In the first quarter, Outotec complemented its technologies by acquiring the Chena® (Chemistry Navigator) technology and trademark from the Finnish company Liqum. The technology acquisition will further improve Outotec's competitiveness in the fields of minerals processing and hydrometallurgical process solutions. Chena® technology is a patented
electrochemistry measurement technology for improving the efficiency of production processes.

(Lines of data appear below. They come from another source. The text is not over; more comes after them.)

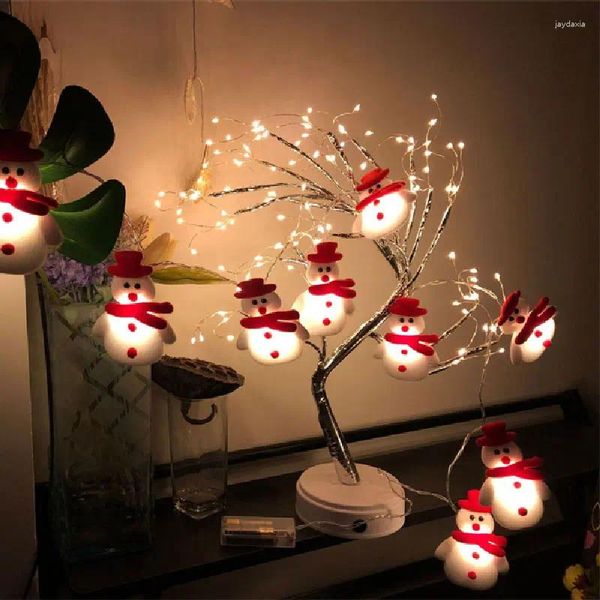 Decorações de Natal 3m LED Tree Decoration String String Lanterna do Papai Noel Boments de Snowman Rena Ornamentos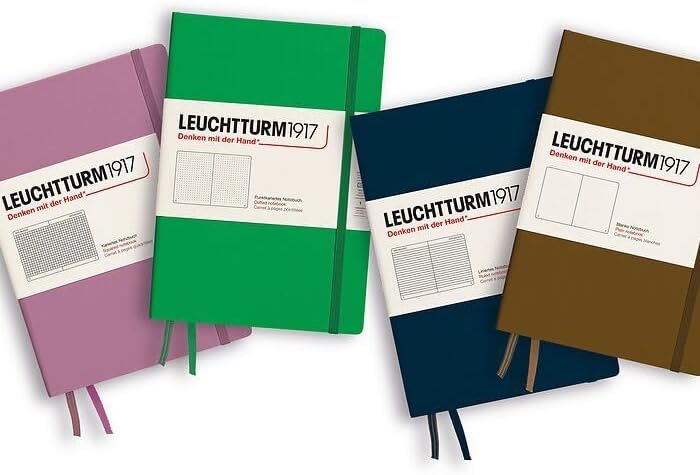 LEUCHTTURM1917 - Notebook Hardcover Medium A5-251 Numbered Pages for Writing and Journaling - Thinking Ahead (Dotted Paper, Dusty Rose)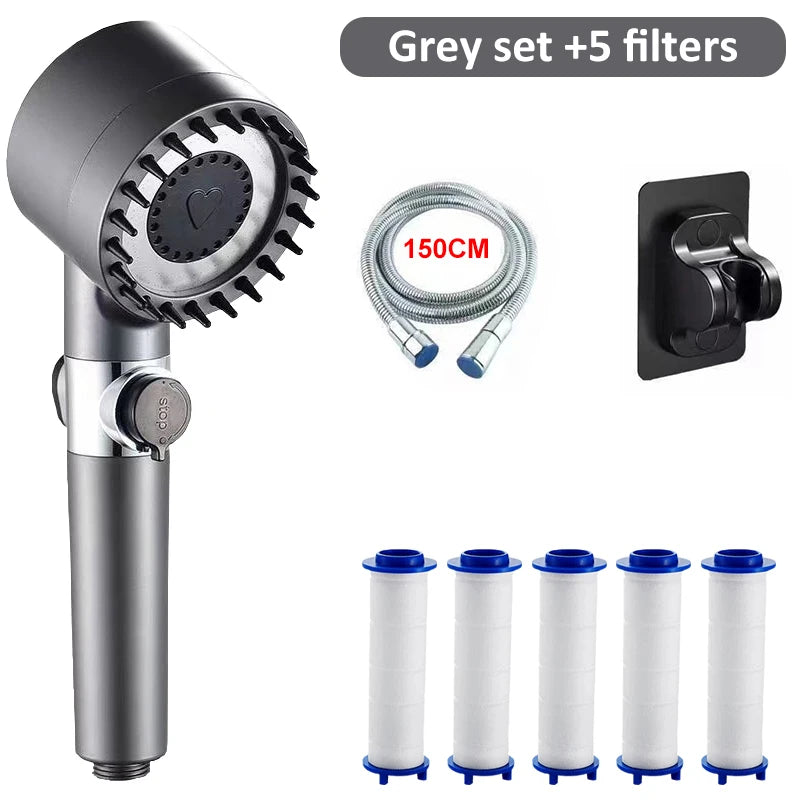 High-pressure Massage Shower Head 4 Modes Rain One-touch Stop Filter Zpaxo Grey Set 5 Filter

Outotec's research centers in Pori and Frankfurt were active in carrying out in-house development and implementation projects as well as test work for customers in 2007. In total, some 175 employees work in the Pori and Frankfurt Research Centers.
PERSONNEL
At the end of 2007, Outotec had a total of 2,144 employees (December 31, 2006: 1,797). In 2007, Outotec had an average of 2,031 employees (2006: 1,825). The number of personnel increased by 347 compared to the corresponding period of 2006 due to business growth and the accompanying active recruitment. Temporary employees accounted for some 14% of the total number of employees.
Distribution of personnel by country
| December 31, 2007 | December 31, 2006 | Change, % |
Finland | 835 | 765 | 9.2 |
Germany | 323 | 295 | 9.5 |
Rest of Europe | 219 | 200 | 9.5 |
Americas | 463 | 265 | 74.7 |
Australia | 185 | 176 | 5.1 |
Rest of the world | 119 | 96 | 24.0 |
Total | 2,144 | 1,797 | 19.3 |
At the end of December 2007, in addition to the personnel on Outotec's payroll, the company had roughly 490 full-time equivalent contracted people working in project engineering, management and construction. The number of contracted people at any given time changes depending on the active project mix and local rules and regulations.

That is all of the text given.